El contestador de su teléfono me llamó la atención. Estaban grabados algunos mensajes sin identificación y número oculto emitidos durante los dos días precedentes a razón de seis al día; su contenido era francamente ofensivo, grosero, vas a enterarte, so hijo de puta, cabronazo, a mí no se me hace esto, no sabes con quien te la estás jugando, eran variaciones sobre el mismo tema que abrumaban mi buen gusto. Los grabé en mi móvil para estudiarlos más detenidamente en mi casa, pues en ese momento poco o nada me decían.
Allí dentro no me retenía nada más. Apagué la luces, abrí la puerta y cuando iba a salir, el gato se me adelantó y se quedó sentado en el descansillo. Lo cogí y volvió a maullar. En ese momento algo se iluminó dentro de mí, como si hubiera sido un relámpago. Metí al gato de un empujón, me introduje de nuevo en la vivienda, cerré la puerta con firmeza y me dirigí velozmente hacia el salón. Descolgué y esperé impaciente a que se volviera a escuchar el buzón de voz. En efecto, esa voz femenina, chirriante, aguda era exactamente la misma que la de doña Angustias, la mujer del Alcalde, la mujer que me había contratado y yo no sabía para qué.
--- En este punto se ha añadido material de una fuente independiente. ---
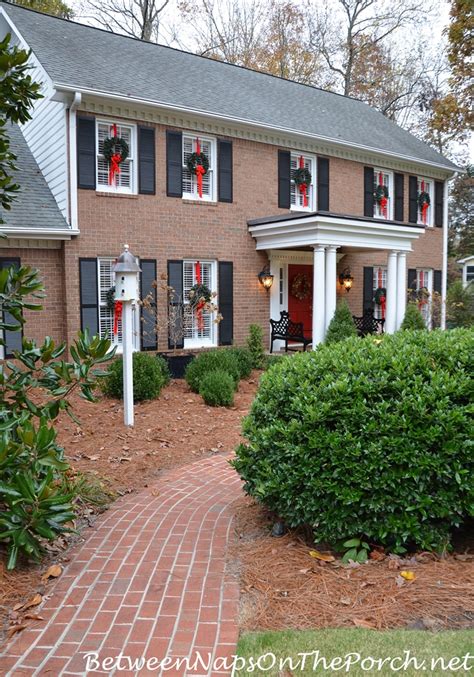 Cup hooks can be screwed into wood or brick which makes it convenient to hang outdoor christmas garlands. Easy Way To Hang Wreaths on Exterior Windows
Se puede observar cómo la descripción de piso modesto con objetos que todos tenemos, puede darnos -y darle al investigador privado- mucha más información sobre el protagonista que si lo hubiea hecho de una manera lineal y mecánica. El empleo de magnificantes, había libros y CD's de música clásica por doquier-, la introducción de un nuevo personaje -el gato-, el poco uso de la cocina y la relativa limpieza del piso, junto con una cómoda butaca situada en el mirador que se beneficia de la farola de la calle, nos habla de una persona culta, dedicada a su lectura y a su música, tranquila, sin percances en su vida. Tan normal es ésta que el propio detective le injuria sotto voce por no encontrar una pista definitiva. No obstante, ésta llega sin forzarse en una extraña colaboración entre el felino y el detective. El capítulo, que ha comenzado en un punto alto de emoción, llega a un punto álgido.
¿De dónde obtener la información que nos permita escribir? Esto nos va a exigir un apartado principal, pero diré sólo que cada maestrillo tiene su librillo; las ideas pueden venirnos de nuestra pura imaginación, de vivencias personales o ajenas, de objetos de nuestra niñez en casa de nuestros padres, de nuestra primera vivienda como soltero independiente... Personalmente, yo recreo y reinvento mi propio pasado y lo mezclo con mi imaginación. Y aquí diré simplemente que hay quien prefiere escribir notas en una libreta, o confiar en la memoria o, por qué no, describir llana y simplemente una fotografía.